• Task goal
All pictures should be dropped, and only the lines from the top of the entries below through the line containing "El Lyon y Troyes salieron triunfadores" repeated exactly, both ends included.

Captioned web image data

■ ■ ■ ■ ■ ■ ■

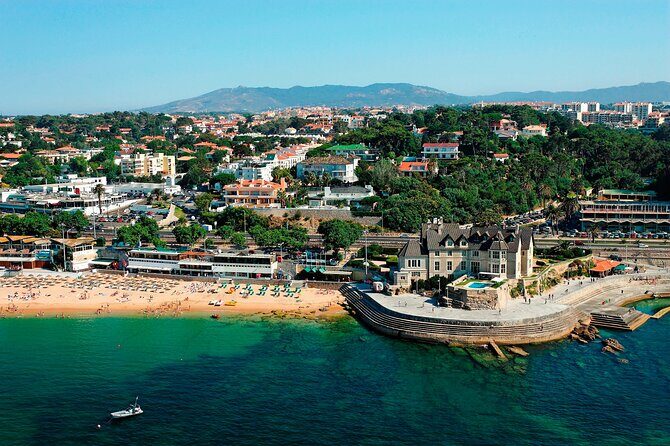 Sintra & Coast Escape – Palaces, Beaches & Villages - Azenhas do Mar: Cliff Houses and a Natural Rock Pool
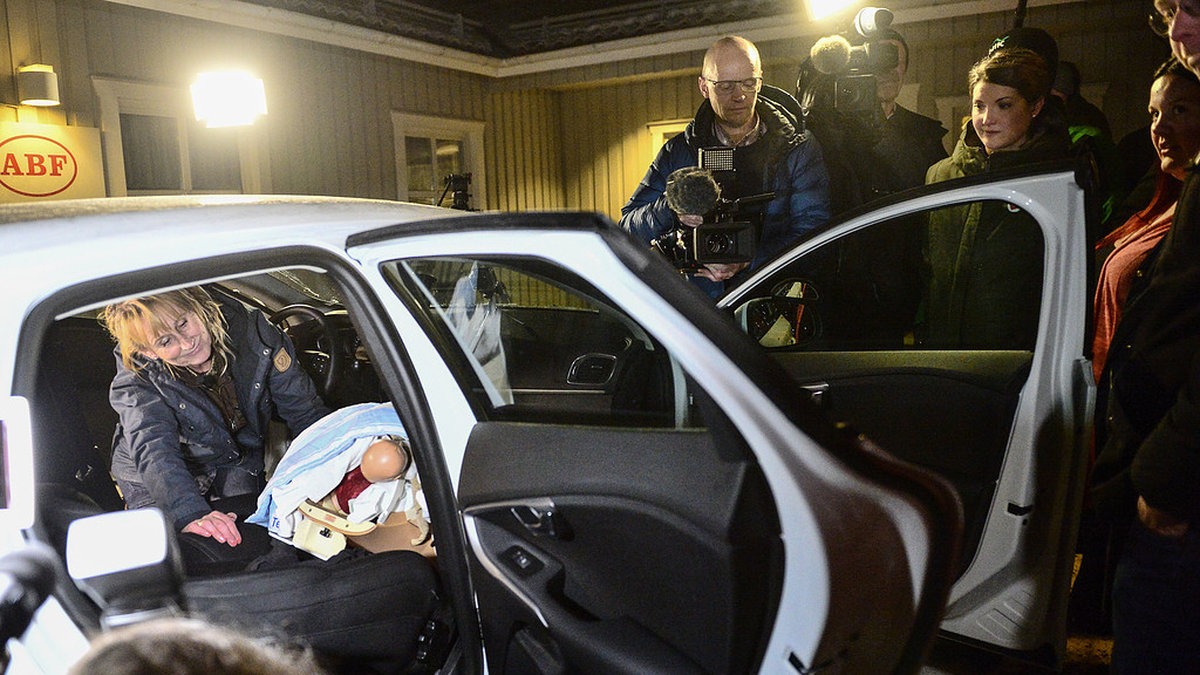 Det hålls i kurser för att lära blivande föräldrar att föda barn i bilen. De boende i Sollefteå har nu tio mil till närmaste BB.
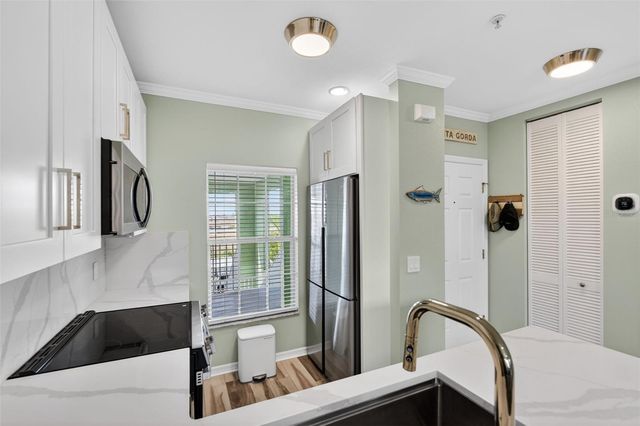 2020 WILLOW HAMMOCK CIRCLE 304, Punta Gorda, FL 33983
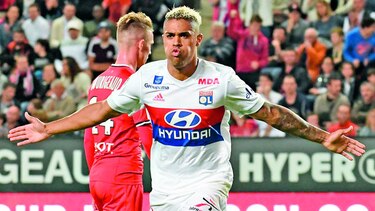 El Lyon y Troyes salieron triunfadores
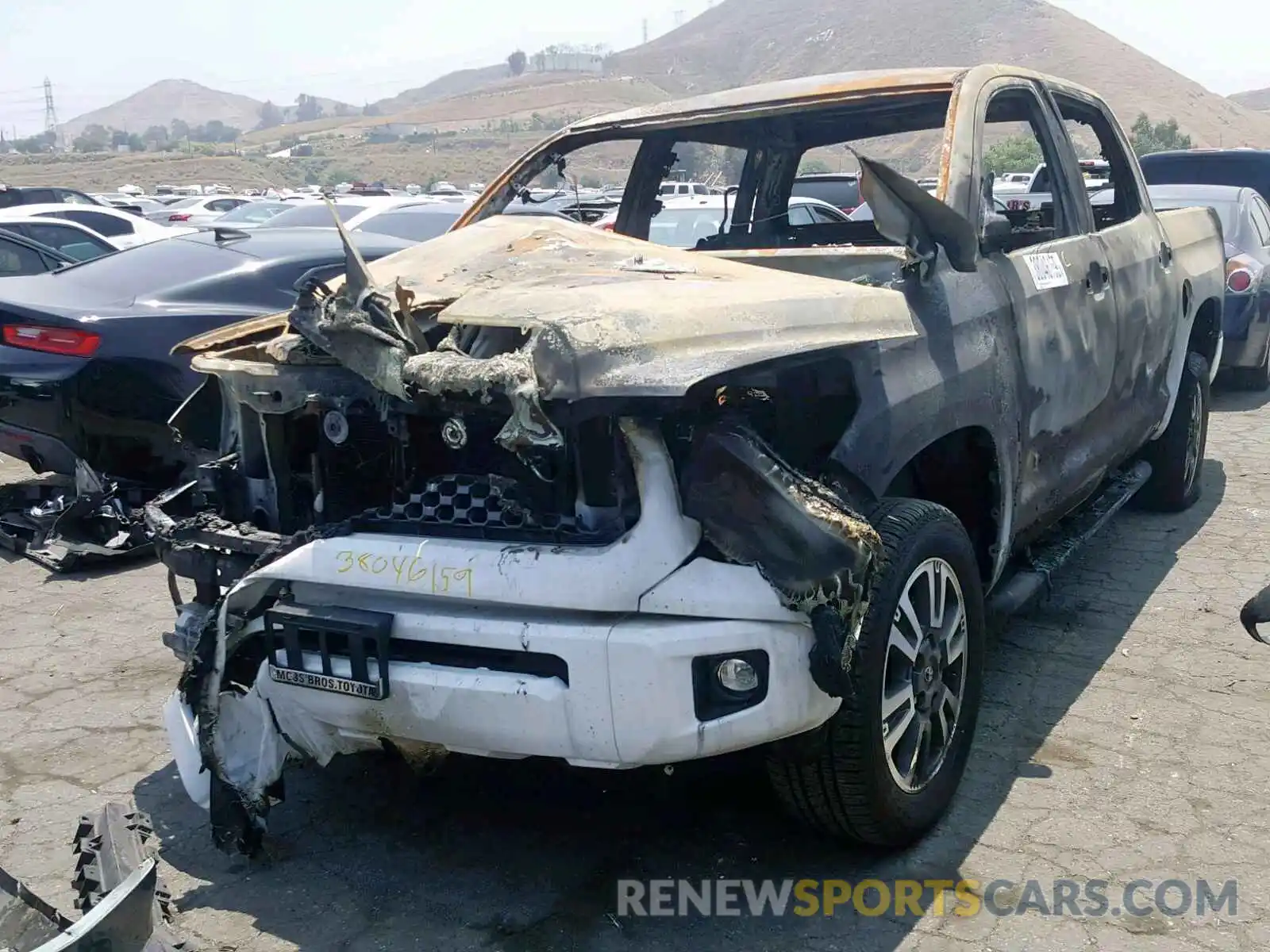 2 Photograph of a damaged car 5TFDY5F16KX825509 TOYOTA TUNDRA CRE 2019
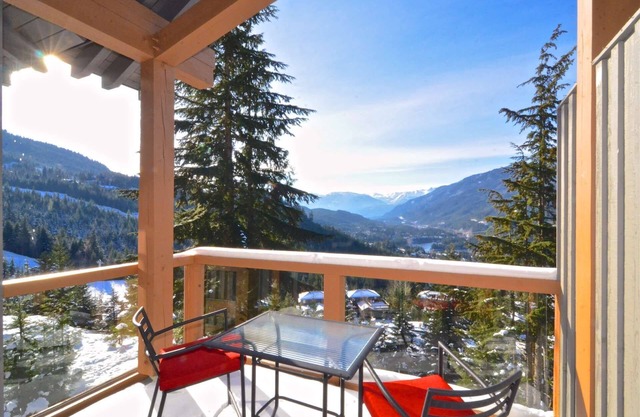 Superb 3 Ebene, 3 Schlafzimmer Reihenhaus hoch oben Whistler Mountain bei The Bluffs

■ ■ ■ ■ ■ ■ ■

• Written answer
 Sintra & Coast Escape – Palaces, Beaches & Villages - Azenhas do Mar: Cliff Houses and a Natural Rock Pool
 Det hålls i kurser för att lära blivande föräldrar att föda barn i bilen. De boende i Sollefteå har nu tio mil till närmaste BB.
 2020 WILLOW HAMMOCK CIRCLE 304, Punta Gorda, FL 33983
 El Lyon y Troyes salieron triunfadores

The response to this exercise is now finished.